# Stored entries
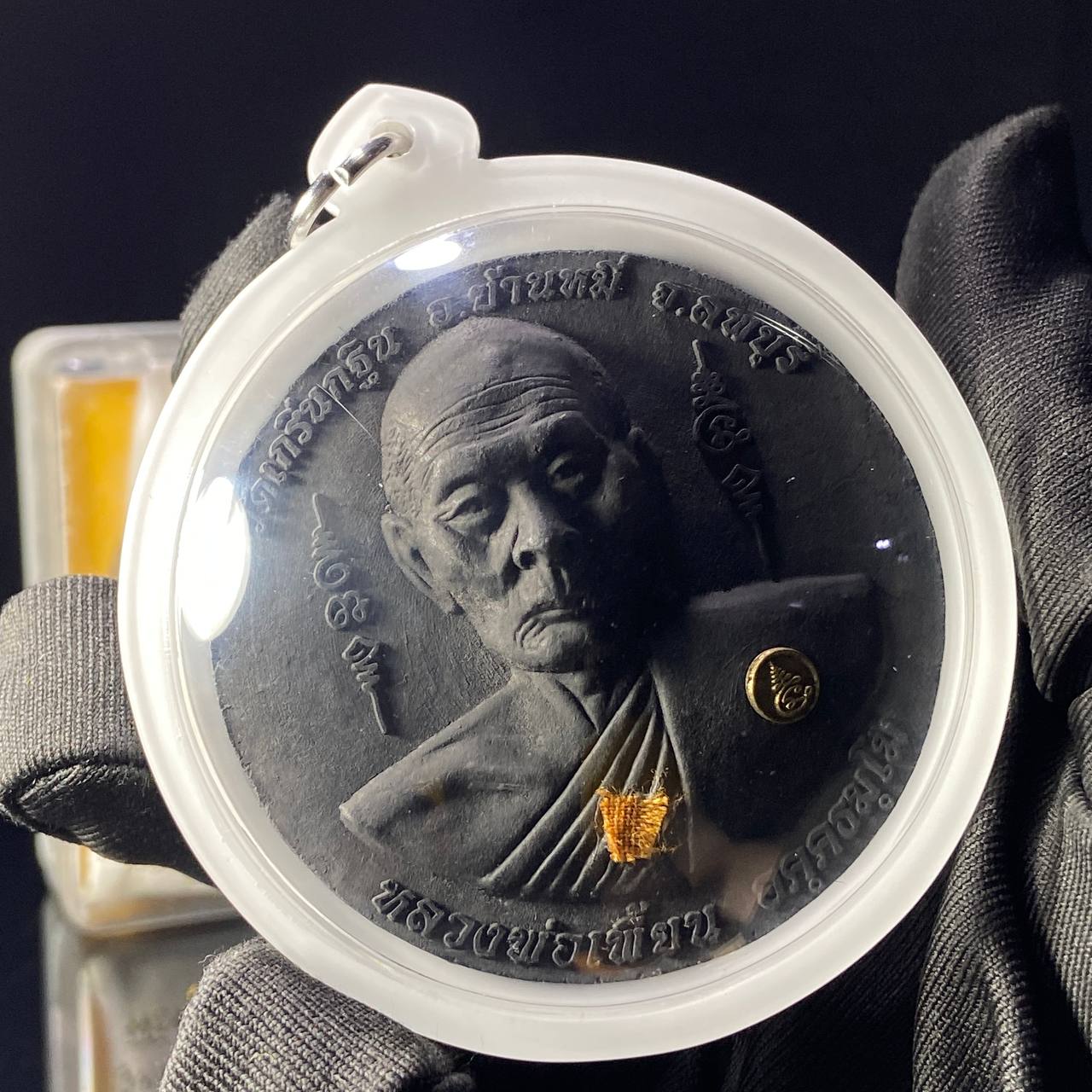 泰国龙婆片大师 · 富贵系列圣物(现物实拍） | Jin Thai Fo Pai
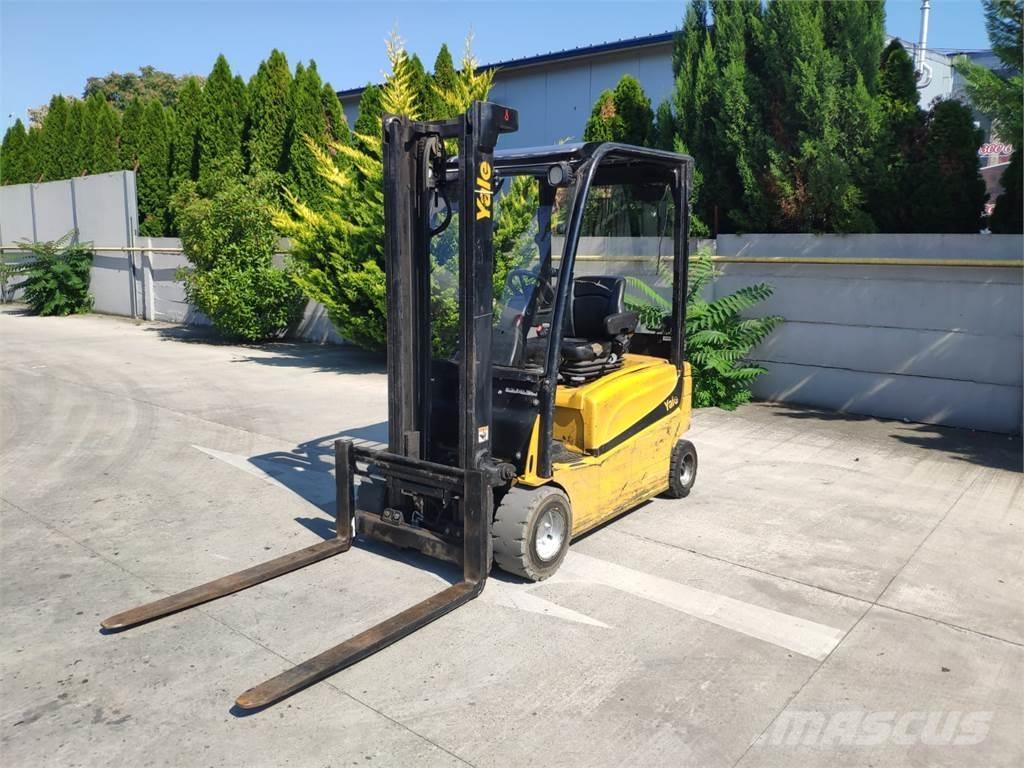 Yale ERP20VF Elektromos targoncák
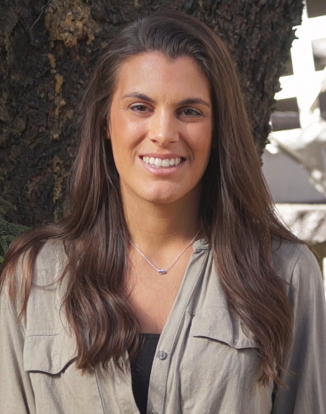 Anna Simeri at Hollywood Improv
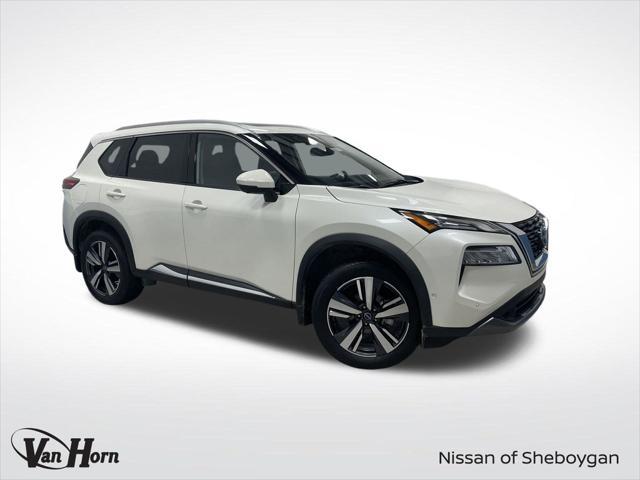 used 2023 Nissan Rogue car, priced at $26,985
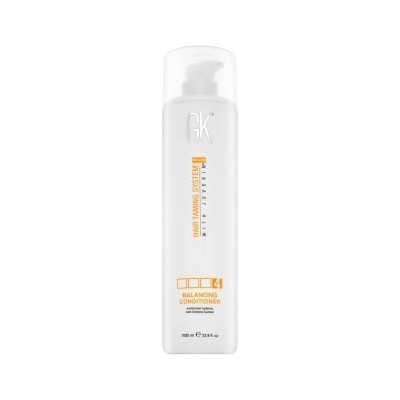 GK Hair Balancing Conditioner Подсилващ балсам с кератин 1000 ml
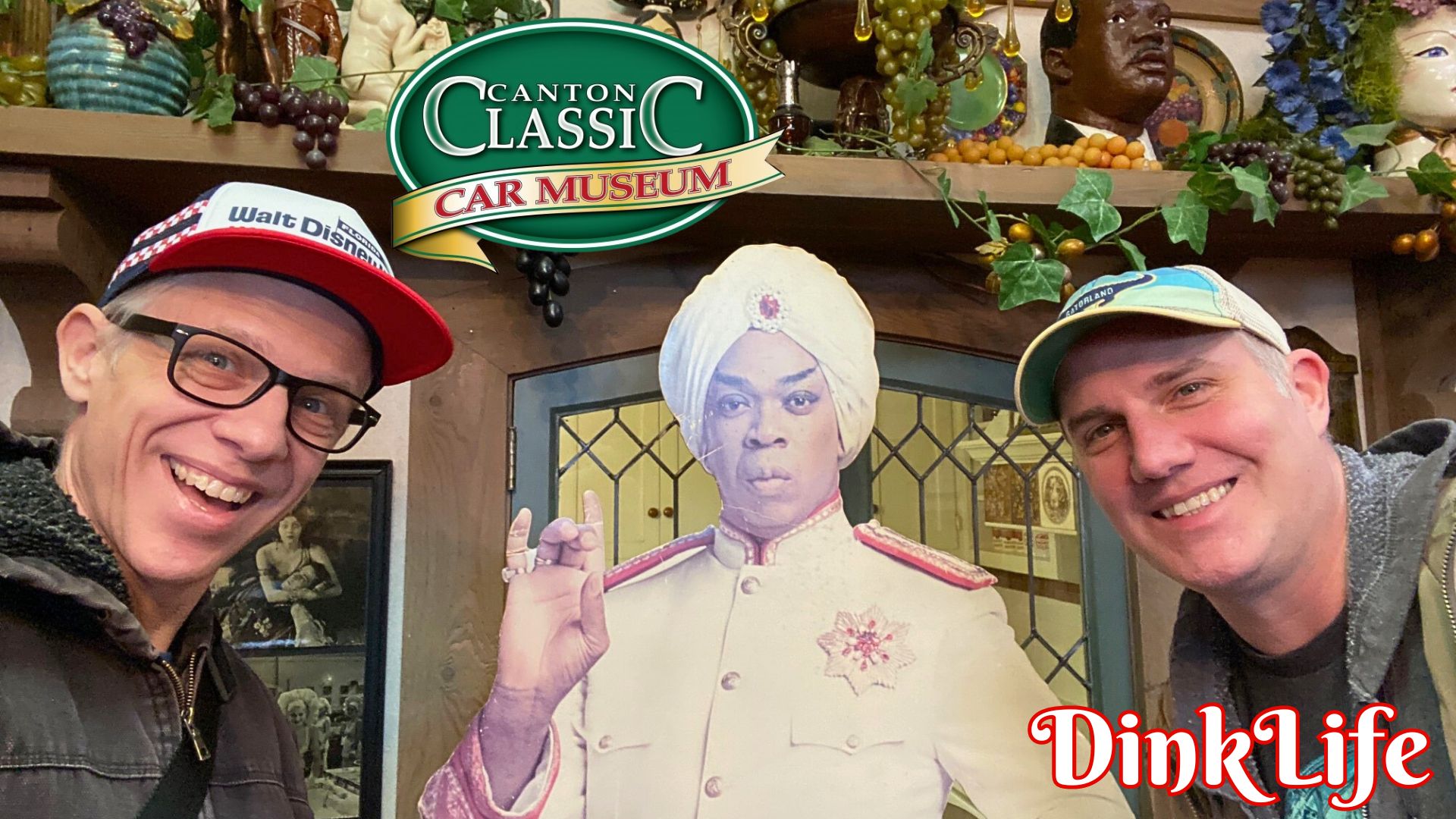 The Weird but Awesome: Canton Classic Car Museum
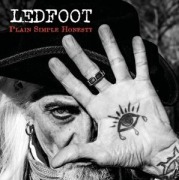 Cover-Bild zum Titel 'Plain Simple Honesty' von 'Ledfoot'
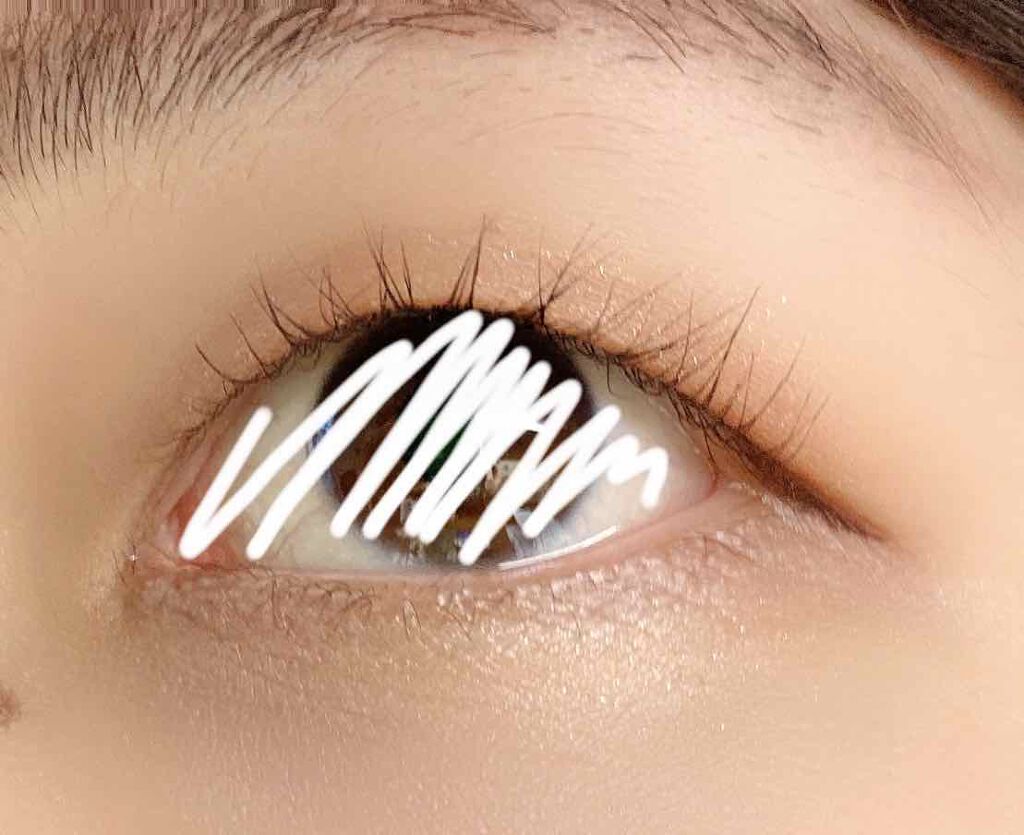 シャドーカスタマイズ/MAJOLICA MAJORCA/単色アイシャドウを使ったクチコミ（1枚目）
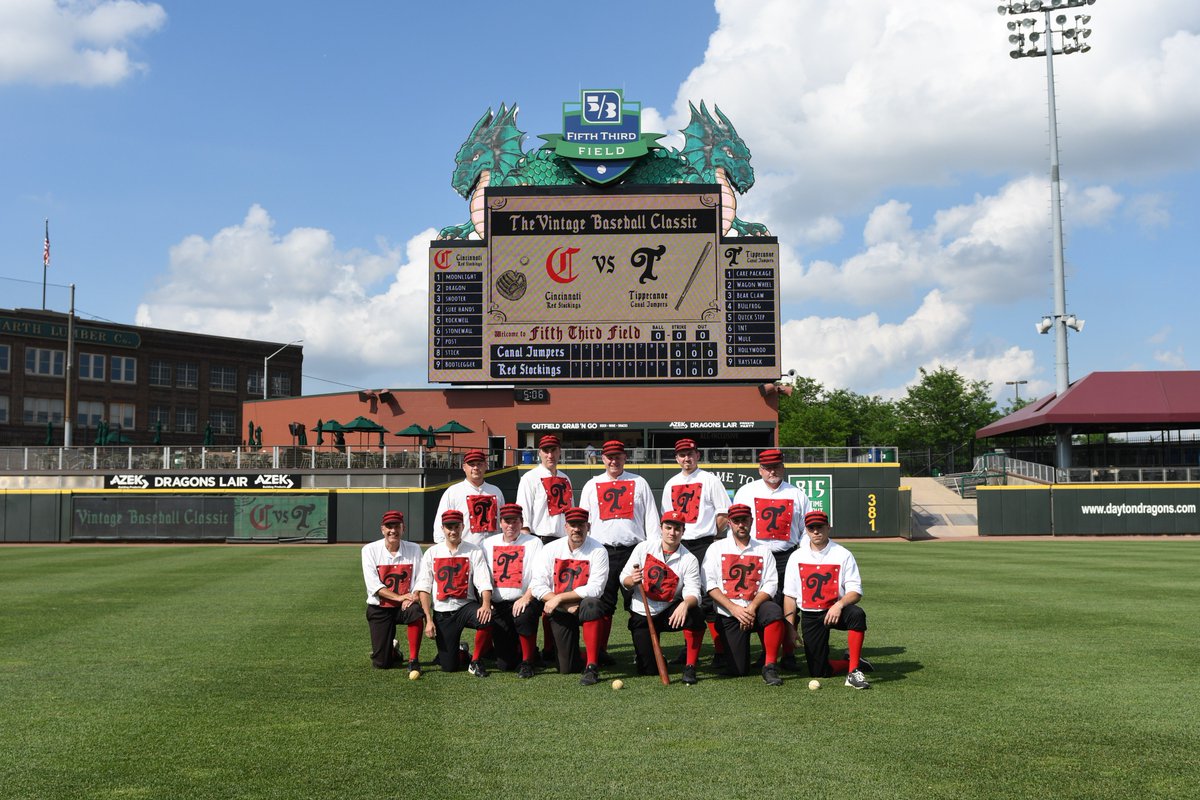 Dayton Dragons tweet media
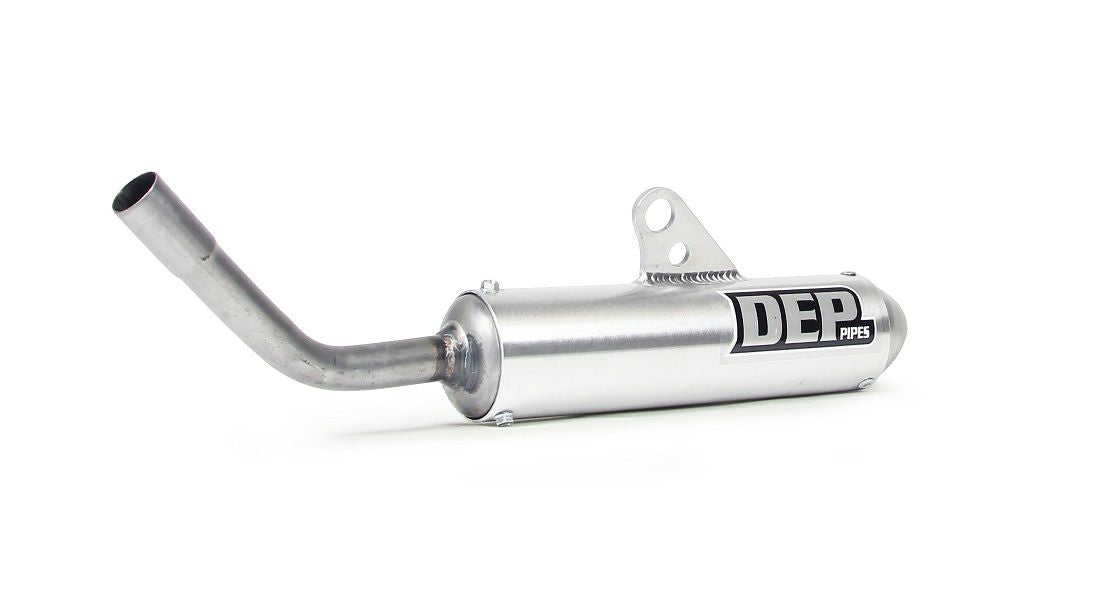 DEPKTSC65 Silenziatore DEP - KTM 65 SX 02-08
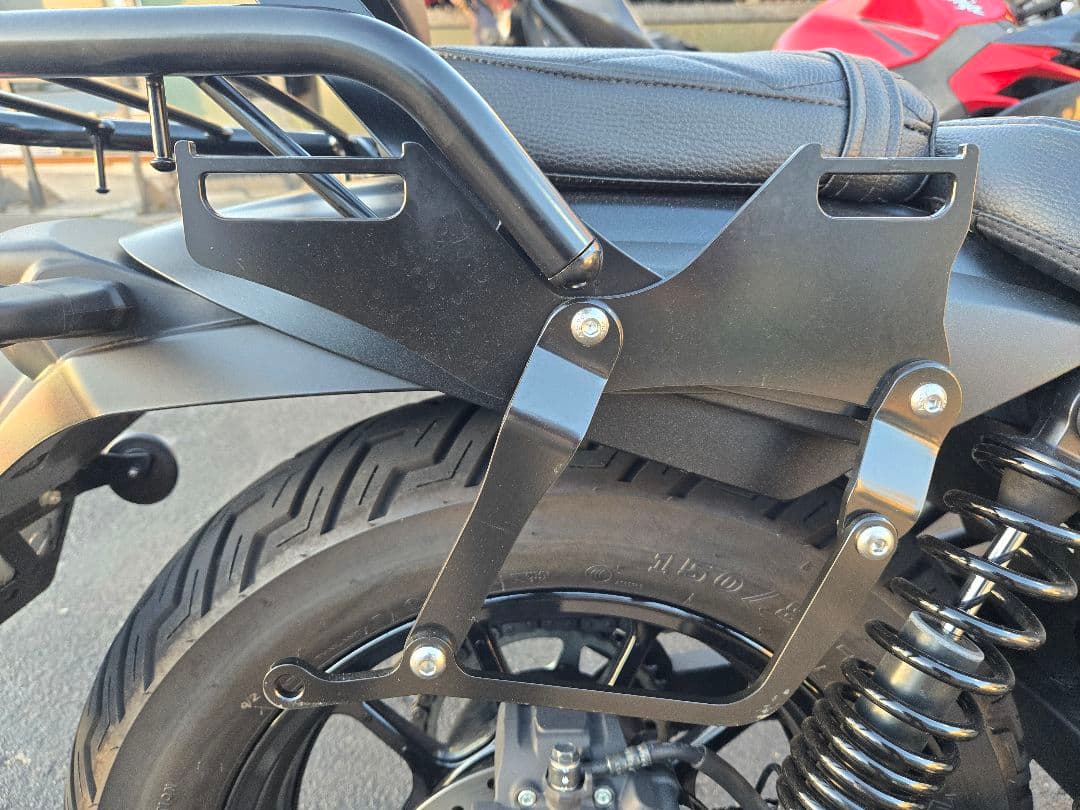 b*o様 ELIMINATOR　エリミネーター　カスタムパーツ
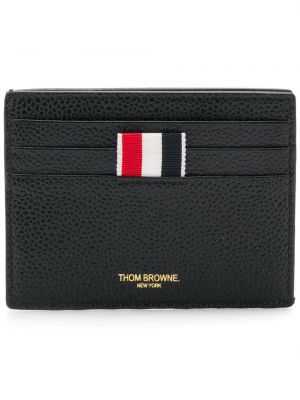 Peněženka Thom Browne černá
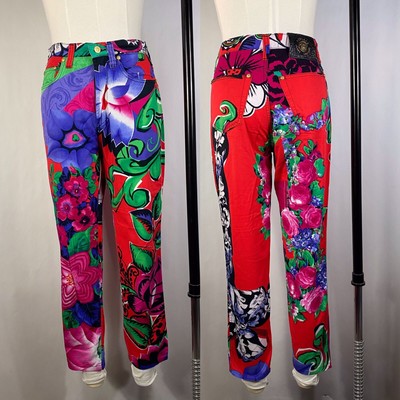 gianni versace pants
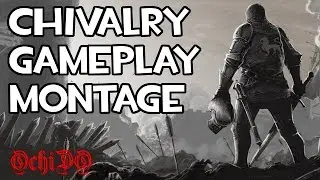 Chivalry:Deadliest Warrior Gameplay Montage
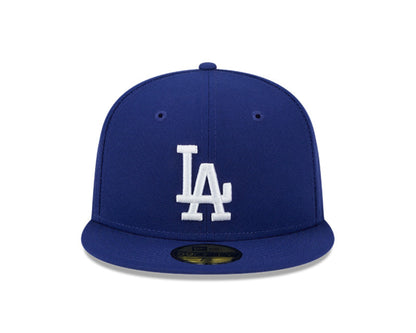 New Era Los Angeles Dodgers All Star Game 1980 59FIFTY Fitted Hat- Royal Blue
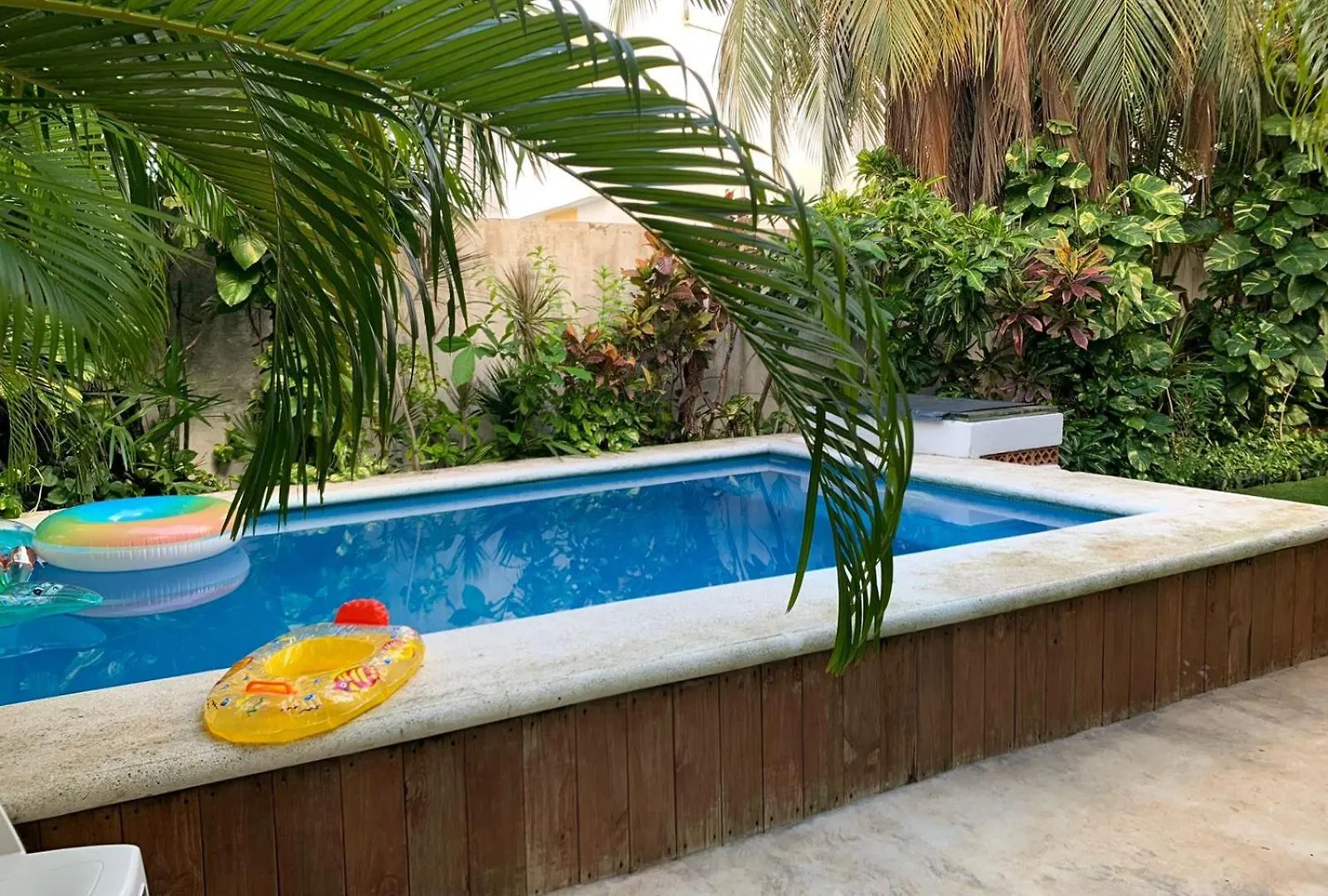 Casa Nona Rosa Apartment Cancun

# EXERCISE
Give back every record above word for word; the pictures have no place in it.

# RESPONSE BOX
 泰国龙婆片大师 · 富贵系列圣物(现物实拍） | Jin Thai Fo Pai
 Yale ERP20VF Elektromos targoncák
 Anna Simeri at Hollywood Improv
 used 2023 Nissan Rogue car, priced at $26,985
 GK Hair Balancing Conditioner Подсилващ балсам с кератин 1000 ml
 The Weird but Awesome: Canton Classic Car Museum
 Cover-Bild zum Titel 'Plain Simple Honesty' von 'Ledfoot'
 シャドーカスタマイズ/MAJOLICA MAJORCA/単色アイシャドウを使ったクチコミ（1枚目）
 Dayton Dragons tweet media
 DEPKTSC65 Silenziatore DEP - KTM 65 SX 02-08
 b*o様 ELIMINATOR　エリミネーター　カスタムパーツ
 Peněženka Thom Browne černá
 gianni versace pants
 Chivalry:Deadliest Warrior Gameplay Montage
 New Era Los Angeles Dodgers All Star Game 1980 59FIFTY Fitted Hat- Royal Blue
 Casa Nona Rosa Apartment Cancun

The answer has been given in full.